Information shown
======
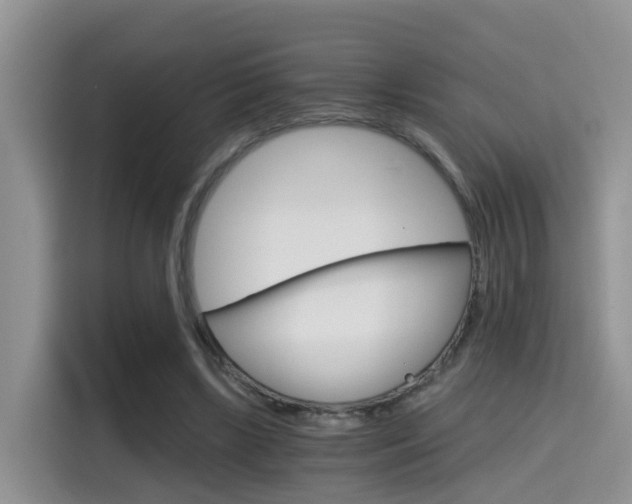 X0000115700443200911120946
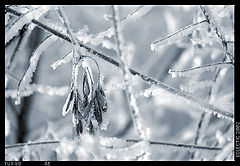 фото "замерзли"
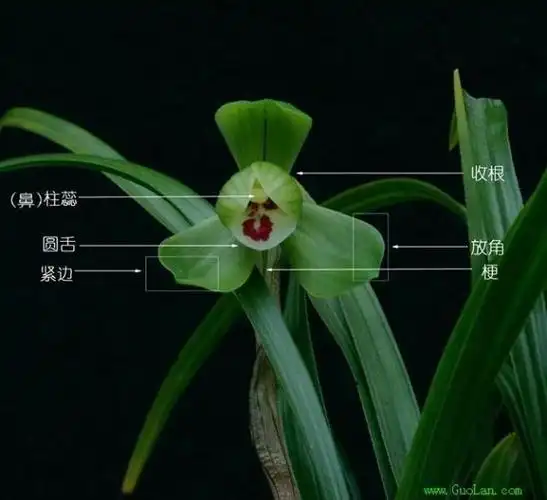 怎样区分兰花品种?-骑乐看风景的回答-头条问答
======
What is being asked
Output the lines above verbatim, images excluded.

Completed exercise
 X0000115700443200911120946
 фото "замерзли"
 怎样区分兰花品种?-骑乐看风景的回答-头条问答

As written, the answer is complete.